Broward Circuit Judge Laura Watson should be removed from the bench for “serious, flagrant violations of ethical rules,” a judge presiding over her ethics trial recommended this week.

Judge Kerry Evander of the Fifth District Court of Appeal wrote the Florida Supreme Court that Watson demonstrated an unfitness to serve.

Watson’s two-attorney firm was criticized for taking too much money from a multi-million insurance settlement before she was a judge.  The firm was slapped with a $981,792 judgement for “unjust enrichment” by Palm Beach County Circuit Judge David Crow, who referred the case to the Florida Bar.

Crow believed there were violations of seven rules of the Bar.

Once Watson was elected judge in 2012, the Bar passed the case to the Judicial Qualifications Commission, which has authority over the ethical rules governing judges.  Evander was the judge in the JQC trial in February.

Evander noted that Watson refused to admit any wrongdoing and that instead she attacked the validity of the JQC panel.

“Judges are held to stricter ethical standards than lawyers because more rectitude is expected of them. Judge Watson’s present lack of understanding of the rules regulating the Florida Bar, and the most basic ethical obligations imposed on lawyers, amply demonstrates ‘present unfitness’ to serve,” Evander wrote in her recommendation.

“At its core, this case is about greed, Any large pot of money can create temptation, just as any aggregate settlement can trip up unwary lawyers,”

The Supreme Cout has final say on the qualifications of judges and could remove Watson from the bench.

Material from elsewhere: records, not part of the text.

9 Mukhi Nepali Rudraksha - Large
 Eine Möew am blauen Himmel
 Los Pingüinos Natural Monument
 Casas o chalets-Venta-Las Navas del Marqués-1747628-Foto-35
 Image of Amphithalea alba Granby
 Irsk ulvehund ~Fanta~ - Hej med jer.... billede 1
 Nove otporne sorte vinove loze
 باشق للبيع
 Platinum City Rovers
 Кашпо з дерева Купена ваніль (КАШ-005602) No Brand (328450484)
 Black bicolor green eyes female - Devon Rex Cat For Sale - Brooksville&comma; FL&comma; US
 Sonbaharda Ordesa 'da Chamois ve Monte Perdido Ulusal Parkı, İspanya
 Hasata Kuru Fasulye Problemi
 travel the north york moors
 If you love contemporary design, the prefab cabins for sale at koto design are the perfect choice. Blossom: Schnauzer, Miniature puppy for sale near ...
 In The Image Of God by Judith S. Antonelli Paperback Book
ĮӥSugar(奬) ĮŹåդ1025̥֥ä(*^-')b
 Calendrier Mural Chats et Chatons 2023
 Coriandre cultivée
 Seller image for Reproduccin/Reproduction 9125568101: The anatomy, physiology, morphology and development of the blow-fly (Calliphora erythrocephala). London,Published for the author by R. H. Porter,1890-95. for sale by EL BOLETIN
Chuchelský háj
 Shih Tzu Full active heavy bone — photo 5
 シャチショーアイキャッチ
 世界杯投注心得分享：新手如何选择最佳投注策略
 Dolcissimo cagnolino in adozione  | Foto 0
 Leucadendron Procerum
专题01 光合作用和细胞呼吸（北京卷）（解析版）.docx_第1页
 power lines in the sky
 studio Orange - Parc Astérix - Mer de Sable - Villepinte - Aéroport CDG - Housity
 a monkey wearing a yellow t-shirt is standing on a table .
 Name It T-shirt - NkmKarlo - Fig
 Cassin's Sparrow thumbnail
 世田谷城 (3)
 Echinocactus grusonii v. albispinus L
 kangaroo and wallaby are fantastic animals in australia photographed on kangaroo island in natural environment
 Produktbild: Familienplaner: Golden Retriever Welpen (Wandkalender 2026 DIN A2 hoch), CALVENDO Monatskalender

Key page of the recommendation (click to enlarge):



9 Responses to “JQC: Kick Judge Off Bench For Ethics Violations”

  1. What is the point says:

    Whether or not we agree with electing judges, that is what we have in Florida.

    The issues raised in this JQC proceeding were known to the Florida Bar and were of public record prior to Ms. Watson being elected to the bench. Her opponents either chose to ignore it (stupid choice) or they did bring it up and the voters didn’t care.

    This decision is more about Ms. Watson being defiant and aggressively defending herself than the underlying. Sorry that the JQC didn’t like having themselves cast into the spotlight, but maybe its time that the shadow court come out into the light.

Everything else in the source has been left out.